[Lldb-commits] [PATCH] D45170: Cleanup DWARFCompileUnit and DWARFUnit in preparation for adding DWARFTypeUnit

Tue Apr 10 08:46:55 PDT 2018

> On Apr 7, 2018, at 2:04 AM, Jan Kratochvil <jan.kratochvil at redhat.com> wrote:
> 
> On Sat, 07 Apr 2018 00:52:26 +0200, Greg Clayton wrote:
>> Take look at how LLVM does it.
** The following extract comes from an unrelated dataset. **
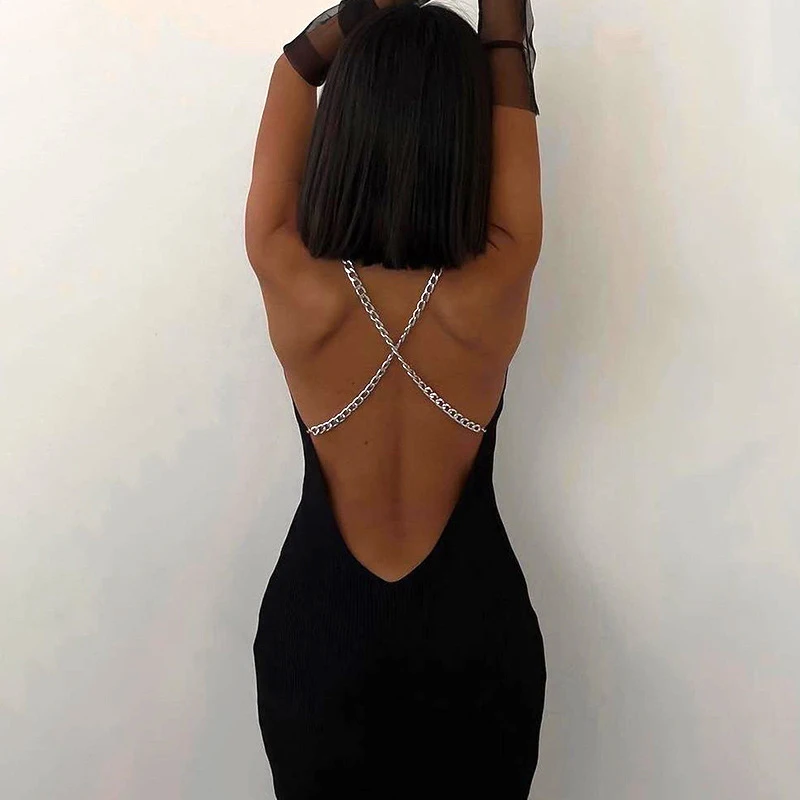 Black Sexy Straps Criss-Cross Metal Chain Patchwork Slim Maxi Dresses Backless V-neck Fashion Women's Club Party Casual Clothing
Black Sexy Straps Criss-Cross Metal Chain Patchwork Slim Maxi Dresses Backless V-neck Fashion Women's Club Party Casual Clothing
I believe my changes mirror that approach.
> 
> LLVM does not support partial units so there is nothing to look at there.
> 
> 
>> DWARFUnit should be the base class for anything that needs to hand out DIEs.
> 
> That's OK for partial units.
> 
> 
>> Any specializations should be inheriting from DWARFUnit, like both
>> DWARFCompileUnit and DWARFTypeUnit.
> 
> I see now the source of misunderstanding:
> 
> DWARFCompileUnit = DW_TAG_compile_unit
> DWARFTypeUnit = DW_TAG_type_unit
> DWARFPartialUnit != DW_TAG_partial_unit
>                ^^^^
> BTW DW_TAG_imported_unit is importing (="caller") tag, not a unit (="callee").
> 
> DW_TAG_partial_unit gets read in (by
> DWARFDebugInfo::ParseCompileUnitHeadersIfNeeded) as DWARFCompileUnit because
> there is no quick enough way to find the difference.  It would require reading
> the first DIE tag which means to read and decode .debug_abbrev for each unit
> being scanned.

If there is no structural difference other than the first DW_TAG, is there a reason you would need to know the difference? It would be fine to just add extra methods on DWARFCompileUnit that do partial unit kind of things if it is a partial unit? Let me know if I am missing something?

> 
> DWARFPartialUnit is used only as a remapping of DWARFCompileUnit to a new
> offset without any new data (there is stored only a new remapped offset whose
> value is only made up internally in LLDB) at the moment someone uses
> DW_TAG_imported_unit for it - at that moment we easily know that unit has to
> be DW_TAG_partial_unit.

It is remapped to a new offset just to keep LLDB's lldb::user_id_t stuff happy? A partial unit can refer to an external file on disk. The remapping is solely making a unique offset by adding an offset to the offset of the external file?

> 
> Therefore DWARFCompileUnit and DWARFTypeUnit both contain some their own data.
> But DWARFPartialUnit is just a remapping of DWARFCompileUnit (containing
> DW_TAG_partial_unit) to a new offset without any new data. Particularly
> m_die_array is not in DWARFPartialUnit.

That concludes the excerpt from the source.